Among the options at Obama’s disposal are cruise-missile-armed U.S. naval assets currently in the Mediterranean. Speaking to reporters Friday during a trip to the Far East, Defense Secretary Chuck Hagel said that some of the options the Pentagon has prepared for Obama “requires positioning our forces, positioning our assets, to be able to carry [them] out,” the Associated Press reported.
Those options, including using cruise missiles to attack Syrian government bases or establishing a no-fly zone over parts of Syria, have been on the table for many months and have been publicly outlined by Gen. Martin E. Dempsey, chairman of the Joint Chiefs of Staff, and others. As recently as this week, Dempsey — who defense officials said is meeting this weekend with regional defense chiefs from the Middle East in a long-scheduled conference — said that none of those actions was likely to achieve U.S. goals of a democratic and stable Syria, and indicated that his own recommendation to Obama was to continue the current policy of humanitarian aid and efforts to bolster the opposition.
The administration has been in close contact with allies and partners from Britain to Turkey.
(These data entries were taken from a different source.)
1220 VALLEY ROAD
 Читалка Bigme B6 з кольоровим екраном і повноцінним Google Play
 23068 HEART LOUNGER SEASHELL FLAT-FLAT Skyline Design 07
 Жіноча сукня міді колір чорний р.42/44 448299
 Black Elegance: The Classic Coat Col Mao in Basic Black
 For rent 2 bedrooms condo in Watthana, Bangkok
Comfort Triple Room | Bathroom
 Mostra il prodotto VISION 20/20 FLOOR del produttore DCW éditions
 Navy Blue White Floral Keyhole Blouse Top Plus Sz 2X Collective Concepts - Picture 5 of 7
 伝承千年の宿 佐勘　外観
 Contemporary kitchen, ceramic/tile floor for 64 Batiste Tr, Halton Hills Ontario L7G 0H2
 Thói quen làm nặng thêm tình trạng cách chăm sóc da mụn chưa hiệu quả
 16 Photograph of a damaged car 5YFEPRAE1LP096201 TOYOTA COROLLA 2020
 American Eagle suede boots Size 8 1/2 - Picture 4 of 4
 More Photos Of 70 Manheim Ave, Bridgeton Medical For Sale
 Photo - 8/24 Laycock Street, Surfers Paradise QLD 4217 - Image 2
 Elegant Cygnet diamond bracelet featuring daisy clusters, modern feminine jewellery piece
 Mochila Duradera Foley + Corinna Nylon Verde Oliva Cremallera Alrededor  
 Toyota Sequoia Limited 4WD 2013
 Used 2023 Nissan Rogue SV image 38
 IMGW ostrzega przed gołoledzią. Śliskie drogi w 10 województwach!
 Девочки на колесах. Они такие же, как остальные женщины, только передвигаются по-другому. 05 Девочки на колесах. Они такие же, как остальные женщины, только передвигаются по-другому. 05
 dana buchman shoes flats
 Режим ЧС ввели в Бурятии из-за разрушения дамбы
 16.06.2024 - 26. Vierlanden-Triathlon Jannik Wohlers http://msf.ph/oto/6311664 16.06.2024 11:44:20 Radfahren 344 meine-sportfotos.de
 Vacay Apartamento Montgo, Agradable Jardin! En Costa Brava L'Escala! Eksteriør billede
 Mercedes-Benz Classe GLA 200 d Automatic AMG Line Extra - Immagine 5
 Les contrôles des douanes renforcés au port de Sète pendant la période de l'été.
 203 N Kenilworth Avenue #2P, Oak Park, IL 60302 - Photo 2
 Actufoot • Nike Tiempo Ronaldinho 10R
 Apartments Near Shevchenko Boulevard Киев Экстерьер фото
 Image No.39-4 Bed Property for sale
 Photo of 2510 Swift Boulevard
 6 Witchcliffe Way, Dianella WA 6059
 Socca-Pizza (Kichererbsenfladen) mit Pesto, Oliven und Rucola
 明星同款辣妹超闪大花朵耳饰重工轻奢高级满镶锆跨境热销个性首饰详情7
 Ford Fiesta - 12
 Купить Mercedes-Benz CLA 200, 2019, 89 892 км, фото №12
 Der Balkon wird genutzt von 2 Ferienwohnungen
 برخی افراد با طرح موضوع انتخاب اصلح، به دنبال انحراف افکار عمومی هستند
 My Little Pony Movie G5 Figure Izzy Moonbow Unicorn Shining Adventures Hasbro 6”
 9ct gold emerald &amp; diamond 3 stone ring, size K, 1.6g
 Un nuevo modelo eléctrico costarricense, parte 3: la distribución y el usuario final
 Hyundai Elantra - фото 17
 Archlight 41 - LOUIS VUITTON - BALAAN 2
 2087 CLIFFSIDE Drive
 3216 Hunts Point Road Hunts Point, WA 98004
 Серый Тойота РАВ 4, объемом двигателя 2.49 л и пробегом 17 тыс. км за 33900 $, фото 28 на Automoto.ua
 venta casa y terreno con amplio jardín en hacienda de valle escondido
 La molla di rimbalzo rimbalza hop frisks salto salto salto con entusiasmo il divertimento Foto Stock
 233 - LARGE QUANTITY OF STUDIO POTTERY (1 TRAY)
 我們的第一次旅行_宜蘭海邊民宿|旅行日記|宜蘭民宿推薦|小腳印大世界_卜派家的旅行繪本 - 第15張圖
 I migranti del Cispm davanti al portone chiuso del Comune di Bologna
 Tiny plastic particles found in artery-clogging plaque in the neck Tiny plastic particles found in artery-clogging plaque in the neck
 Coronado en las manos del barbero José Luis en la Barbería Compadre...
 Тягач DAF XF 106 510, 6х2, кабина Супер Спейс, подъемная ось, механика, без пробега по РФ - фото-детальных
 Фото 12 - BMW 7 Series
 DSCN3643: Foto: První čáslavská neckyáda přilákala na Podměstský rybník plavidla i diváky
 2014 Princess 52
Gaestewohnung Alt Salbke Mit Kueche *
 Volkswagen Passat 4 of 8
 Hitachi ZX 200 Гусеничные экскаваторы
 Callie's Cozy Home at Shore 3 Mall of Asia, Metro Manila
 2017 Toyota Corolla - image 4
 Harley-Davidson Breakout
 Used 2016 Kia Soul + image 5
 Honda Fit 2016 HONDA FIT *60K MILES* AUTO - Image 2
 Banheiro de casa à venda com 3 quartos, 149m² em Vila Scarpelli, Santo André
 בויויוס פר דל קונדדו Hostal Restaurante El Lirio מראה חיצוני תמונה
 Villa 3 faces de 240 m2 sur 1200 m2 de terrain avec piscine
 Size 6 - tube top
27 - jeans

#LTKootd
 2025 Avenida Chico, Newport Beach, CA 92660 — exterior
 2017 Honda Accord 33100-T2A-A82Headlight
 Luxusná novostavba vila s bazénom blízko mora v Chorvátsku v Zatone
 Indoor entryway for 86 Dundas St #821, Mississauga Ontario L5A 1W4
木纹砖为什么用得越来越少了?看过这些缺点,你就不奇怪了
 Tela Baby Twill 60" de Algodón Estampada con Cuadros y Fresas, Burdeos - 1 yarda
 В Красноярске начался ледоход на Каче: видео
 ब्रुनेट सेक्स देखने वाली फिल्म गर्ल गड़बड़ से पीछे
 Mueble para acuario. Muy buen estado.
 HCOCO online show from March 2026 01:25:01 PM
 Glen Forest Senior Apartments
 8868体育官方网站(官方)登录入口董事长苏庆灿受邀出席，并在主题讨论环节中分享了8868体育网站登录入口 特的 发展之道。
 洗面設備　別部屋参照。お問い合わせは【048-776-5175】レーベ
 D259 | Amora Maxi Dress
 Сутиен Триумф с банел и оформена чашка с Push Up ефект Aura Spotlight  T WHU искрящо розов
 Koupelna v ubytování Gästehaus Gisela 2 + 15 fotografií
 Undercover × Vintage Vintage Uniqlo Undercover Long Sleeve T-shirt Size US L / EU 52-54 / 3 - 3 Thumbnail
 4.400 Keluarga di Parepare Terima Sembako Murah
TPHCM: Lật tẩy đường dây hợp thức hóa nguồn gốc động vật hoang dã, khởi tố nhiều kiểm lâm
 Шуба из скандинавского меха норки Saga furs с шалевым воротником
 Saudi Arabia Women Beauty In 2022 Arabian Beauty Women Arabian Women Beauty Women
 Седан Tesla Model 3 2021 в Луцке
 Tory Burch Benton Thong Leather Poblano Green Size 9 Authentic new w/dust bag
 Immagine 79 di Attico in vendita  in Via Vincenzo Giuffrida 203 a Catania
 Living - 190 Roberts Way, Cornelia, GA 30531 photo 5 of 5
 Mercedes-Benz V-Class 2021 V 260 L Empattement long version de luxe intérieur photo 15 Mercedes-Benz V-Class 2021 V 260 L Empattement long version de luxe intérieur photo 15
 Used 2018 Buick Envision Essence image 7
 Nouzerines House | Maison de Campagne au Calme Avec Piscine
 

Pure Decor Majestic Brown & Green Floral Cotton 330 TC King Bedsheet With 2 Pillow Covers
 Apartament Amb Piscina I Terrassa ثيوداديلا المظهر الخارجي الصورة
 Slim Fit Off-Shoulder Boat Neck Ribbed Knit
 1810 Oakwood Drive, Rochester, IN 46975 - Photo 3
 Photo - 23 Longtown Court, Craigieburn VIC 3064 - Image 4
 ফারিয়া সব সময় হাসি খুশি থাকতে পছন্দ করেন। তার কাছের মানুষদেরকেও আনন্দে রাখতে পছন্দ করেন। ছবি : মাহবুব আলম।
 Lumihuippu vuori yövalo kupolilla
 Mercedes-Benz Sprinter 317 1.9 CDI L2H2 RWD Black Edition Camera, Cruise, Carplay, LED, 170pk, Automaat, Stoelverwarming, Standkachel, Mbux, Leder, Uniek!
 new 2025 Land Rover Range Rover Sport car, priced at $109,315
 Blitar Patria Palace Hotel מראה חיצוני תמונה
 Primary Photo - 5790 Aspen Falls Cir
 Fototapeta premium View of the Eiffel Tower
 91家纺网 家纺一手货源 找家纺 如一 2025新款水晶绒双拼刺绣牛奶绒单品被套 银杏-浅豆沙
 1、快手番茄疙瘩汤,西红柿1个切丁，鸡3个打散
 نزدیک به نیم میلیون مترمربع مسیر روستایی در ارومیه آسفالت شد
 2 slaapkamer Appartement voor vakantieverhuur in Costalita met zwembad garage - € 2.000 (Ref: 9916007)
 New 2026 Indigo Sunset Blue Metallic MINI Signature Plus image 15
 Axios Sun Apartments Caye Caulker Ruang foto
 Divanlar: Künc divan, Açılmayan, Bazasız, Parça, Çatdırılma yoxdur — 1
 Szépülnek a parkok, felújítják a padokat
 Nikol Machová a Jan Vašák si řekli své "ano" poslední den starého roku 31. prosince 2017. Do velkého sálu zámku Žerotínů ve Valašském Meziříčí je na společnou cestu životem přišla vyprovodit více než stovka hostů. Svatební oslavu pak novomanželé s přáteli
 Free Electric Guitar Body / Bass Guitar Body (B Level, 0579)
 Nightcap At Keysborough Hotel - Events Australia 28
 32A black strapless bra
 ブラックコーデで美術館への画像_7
U.S. officials have repeatedly indicated they would seek an international mandate or, at the very least, closely coordinate with partners.
For the moment, no action has been authorized and all options remain on hold awaiting confirmation of what the administration has said appears to have been a major chemical weapons attack by the Syrian government against dug-in opposition forces in the Damascus suburbs.
U.S. intelligence officials, who in June concluded that the Syrian government had used small amounts of chemical weapons in previous attacks, discounted reports Friday that the United States had detected movement at chemical storage sites before the Wednesday attack. The officials said they were not prepared to confirm or discount the new allegations.
“Assessments of this type can take time to develop,” one official said, speaking on the condition of anonymity to discuss intelligence matters.
Syria’s government has denied responsibility for any chemical attacks. Russia, its principal ally, has accused the opposition of staging Wednesday’s attack to discredit Syrian President Bashar al-Assad.